1. Clone the repository:

```bash
git clone https://github.com/NaderFerjani/datalib.git
cd datalib
```

2. Install development dependencies:

```bash
pip install -e ".[test,doc]"
```

### Running tests

```bash
pytest tests/
```

### Building documentation

```bash
cd docs
python -m sphinx -b html . _build/html
```

## Versioning

DataLib follows [Semantic Versioning](https://semver.org/). Version numbers follow the format MAJOR.MINOR.PATCH:

- MAJOR version for incompatible API changes
- MINOR version for new functionality in a backward compatible manner
- PATCH version for backward compatible bug fixes

### Creating a new release

1. Update version:

```bash
python scripts/release.py [major|minor|patch]
```

2. Review and commit changes
3. Push to GitHub with tags
4. The GitHub Actions workflow will automatically publish to PyPI

## License

This project is licensed under the MIT License - see the LICENSE file for details.

## Contributing

Contributions are welcome! Please feel free to submit a Pull Request.

## Author

- **Nader Ferjani** - [GitHub](https://github.com/NaderFerjani)
- Email: ferjani.nader@hotmail.fr

---

## Project Goals

The main objective is to develop a professional packaging system for the DataLib library, enabling:

1. Easy and intuitive installation through package managers like `pip`.
2. Distribution on platforms like PyPI (Python Package Index).
3. Integrated, clear, and accessible documentation.

---

## Work Plan

### 1. Project Structure

- Organize the source code in a modular format (e.g., `src/` directory).
- Define essential files like `setup.py`, `pyproject.toml`, or `setup.cfg`.

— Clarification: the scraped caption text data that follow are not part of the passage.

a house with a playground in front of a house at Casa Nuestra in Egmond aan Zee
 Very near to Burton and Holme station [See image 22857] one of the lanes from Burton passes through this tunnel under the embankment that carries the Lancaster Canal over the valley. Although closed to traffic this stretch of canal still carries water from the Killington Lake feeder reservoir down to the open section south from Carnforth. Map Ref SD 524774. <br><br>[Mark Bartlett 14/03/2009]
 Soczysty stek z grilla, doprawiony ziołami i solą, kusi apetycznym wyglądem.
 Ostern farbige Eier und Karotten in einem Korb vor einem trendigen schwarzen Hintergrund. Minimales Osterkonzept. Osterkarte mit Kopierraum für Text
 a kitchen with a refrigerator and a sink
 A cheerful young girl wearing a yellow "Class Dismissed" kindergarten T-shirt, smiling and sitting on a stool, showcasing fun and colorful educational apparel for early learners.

### 2. Dependencies and Compatibility

- Identify and include necessary dependencies (e.g., `numpy`, `pandas`, `matplotlib`, `scikit-learn`).
- Ensure compatibility with recent Python versions.

### 3. Documentation

- Write a detailed `README.md` or `README.rst` outlining the library's usage and features.
- Add concrete usage examples.
- Generate technical documentation using tools like Sphinx.

### 4. Testing

- Write unit tests for main functions using `pytest`.
- Integrate CI/CD workflows (e.g., GitHub Actions) to validate changes.

### 5. Publication

- Prepare and publish the library on PyPI.
- Regularly update the version following semantic versioning (SemVer).

---

## Deliverables

- A functional library distributable via `pip`.
- Online documentation (e.g., hosted on Read the Docs).
- Automated tests and code quality monitoring.

---

## Evaluation Criteria

- **Packaging Quality**: Ease of installation and compatibility.
- **Documentation Clarity**: Completeness and ease of understanding.
- **Functionality and Robustness**: Reliability of the library's tools.
- **Test Coverage**: Quality and extent of automated testing.

---

DataLib aims to become a reliable and user-friendly library for data enthusiasts and professionals alike, enhancing the Python data ecosystem.